- RECORDED DATA:
= = =
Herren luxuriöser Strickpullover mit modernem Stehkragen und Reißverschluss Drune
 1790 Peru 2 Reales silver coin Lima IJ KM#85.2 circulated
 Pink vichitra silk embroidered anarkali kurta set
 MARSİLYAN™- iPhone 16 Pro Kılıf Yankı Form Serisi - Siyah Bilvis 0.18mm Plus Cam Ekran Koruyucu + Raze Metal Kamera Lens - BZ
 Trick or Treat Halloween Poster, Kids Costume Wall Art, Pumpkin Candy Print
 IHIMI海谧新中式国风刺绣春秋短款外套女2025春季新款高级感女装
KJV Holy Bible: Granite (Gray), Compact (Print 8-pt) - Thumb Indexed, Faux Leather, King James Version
= = =
- INSTRUCTIONS FOR THE TASK: Everything from the line containing "MARSİLYAN™- iPhone 16" through the last line above should be copied exactly, please, with nothing added.

- ANSWER BOX:
 MARSİLYAN™- iPhone 16 Pro Kılıf Yankı Form Serisi - Siyah Bilvis 0.18mm Plus Cam Ekran Koruyucu + Raze Metal Kamera Lens - BZ
 Trick or Treat Halloween Poster, Kids Costume Wall Art, Pumpkin Candy Print
 IHIMI海谧新中式国风刺绣春秋短款外套女2025春季新款高级感女装
KJV Holy Bible: Granite (Gray), Compact (Print 8-pt) - Thumb Indexed, Faux Leather, King James Version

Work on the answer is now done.